Modeling MRSA and MSSA S. aureus Infections

SPARCS does not identify MRSA or MSSA infections, and a code for infection with a drug-resistant organism (V09) is rarely used. Therefore, we modeled the comparative incidence, death rate, and cost of MRSA and MSSA. We computed the incidence of MRSA and MSSA infections by using the estimate that 29% of infections were due to MRSA (8). The clinical panel estimated that 10% of community-acquired infections were due to MRSA (includes infections acquired at long-term care facilities long-term care facility
n.
See skilled nursing facility.
). The number of deaths for MRSA and MSSA infections was estimated as follows: the clinical panel estimated a risk ratio for death rates of MRSA and MSSA infections, and deaths due to MRSA and MSSA infections were calculated from the estimated risk ratio and the overall number of deaths due to S. aureus infection. We estimated the direct medical cost per patient for MRSA and MSSA infections as follows: differences in resource use for those with MRSA and MSSA infections were identified by the clinical panel; these differences were converted into differences in cost using a method similar to that described above for modeling direct medical costs; and average costs for MRSA and MSSA infections were calculated by using the average cost for an S. aureus infection and the average difference in cost between MRSA and MSSA infections.
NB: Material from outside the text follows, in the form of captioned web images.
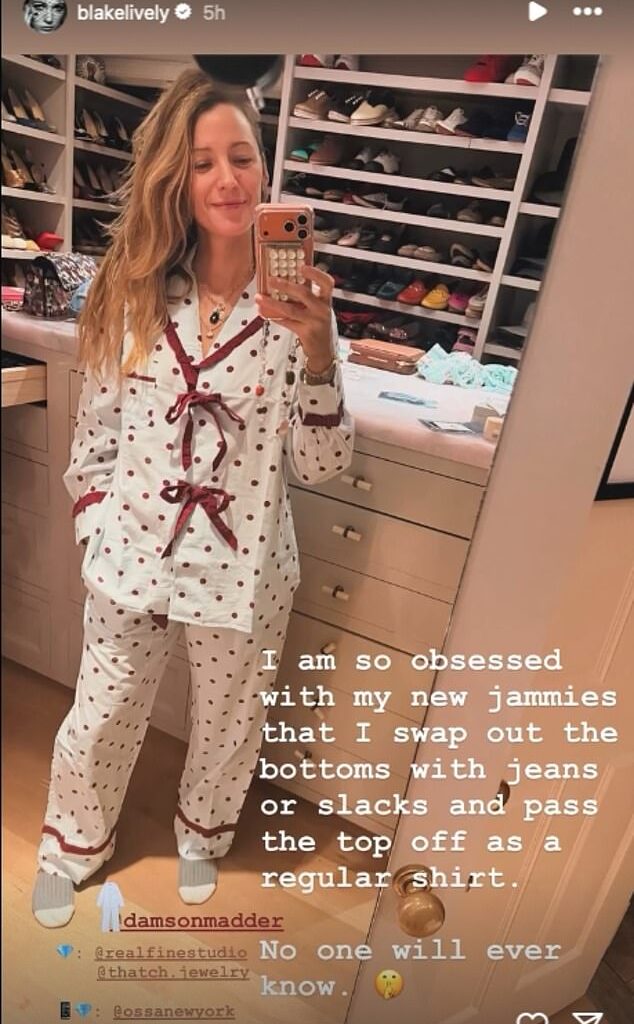 Blake Lively, 38, shared a slice-of-life post with her 42.5 million followers on Monday, showing off her preferred brand of pajamas amid her ongoing legal battle with Justin Baldoni, 41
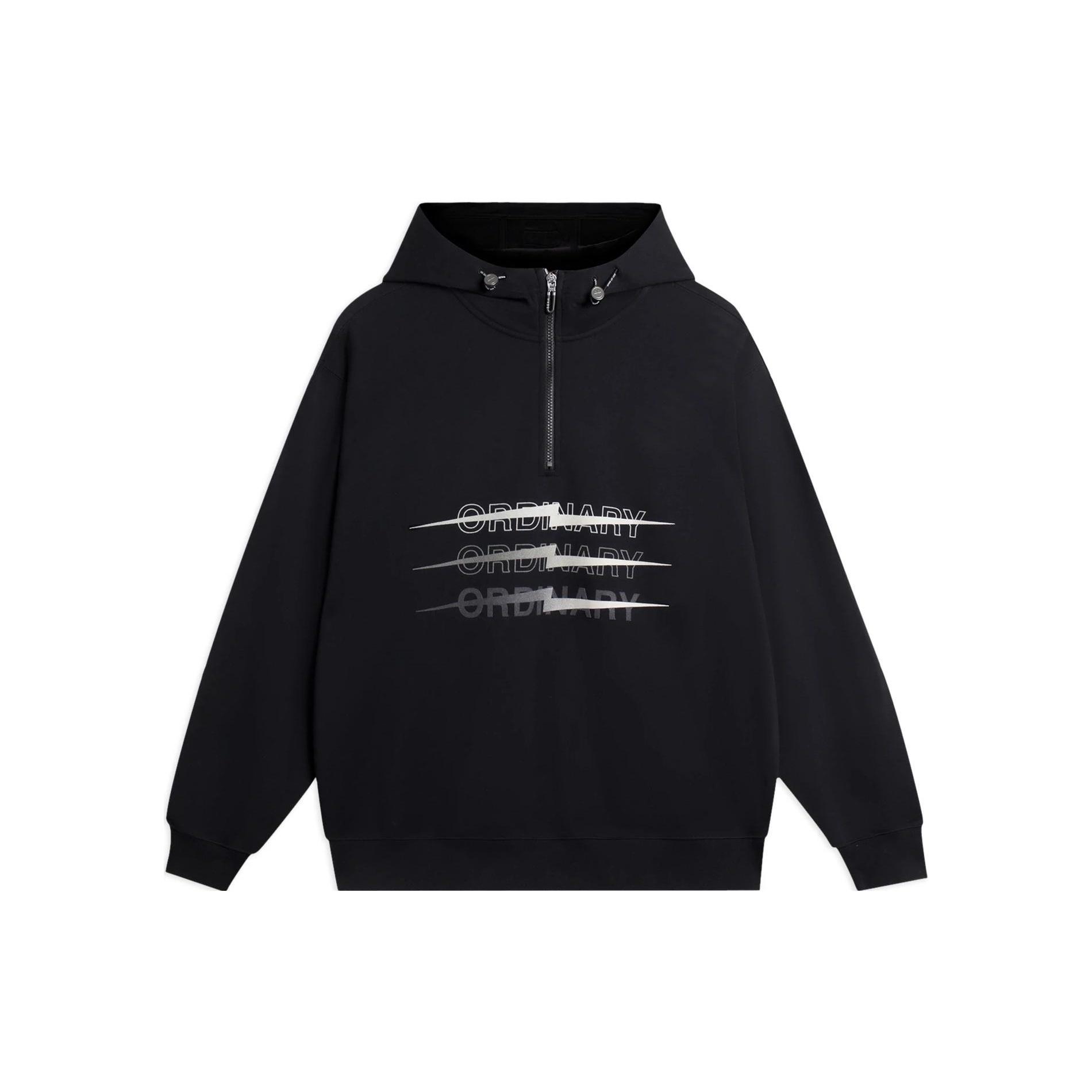 Li-Ning Way Of Wade Thunder Graphic Half Zip Hooded Jacket Black Men s AWDSC53-1 L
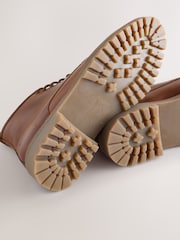 Tan Brown Tall Apron Toe Leather Boots - Image 5 of 5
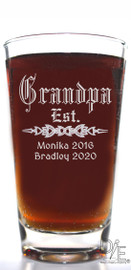 Celtic Grandpa Beer Glass by Design Imagery Engraving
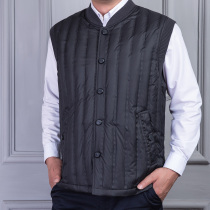 Down vest winter mens clothing plus velvet thickened middle-aged and elderly wearing down liner vest warm and cold-proof horse clip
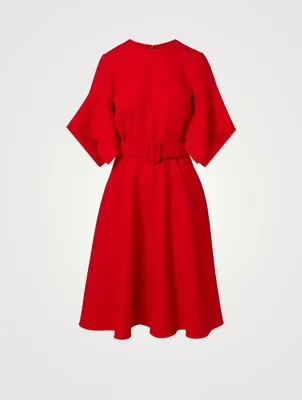 Wool-Blend A-Line Midi Dress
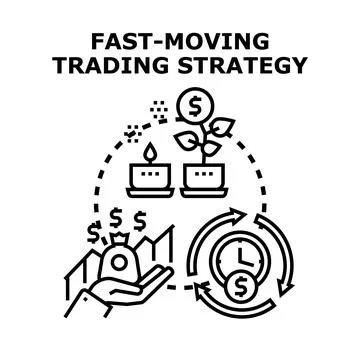 Fast moving trading strategy developing financial markets Stock Illustration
Incidence, Death Rate, and Attributable Costs

S. aureus Infection

Of 1,351,362 nonobstetrical hospital discharges in SPARCS for New York City in 1995, an estimated 13,550 (1.0%) were discharges of patients with S. aureus infections (Table 4). The total direct medical costs incurred by these patients was an estimated $435.5 million--average length of stay nearly 20 days, direct cost of infection, $32,100 (Table 4). The number of deaths was estimated at 1,400 (a 10% death rate). In contrast, the hospital charges for the average hospital stay in SPARCS (for all nonobstetrical discharges) were $13,263--average length of stay 9 days, death rate 4.1%. Thus, patients with S. aureus infection had approximately twice the cost, length of stay, and death rate of a typical hospitalized patient.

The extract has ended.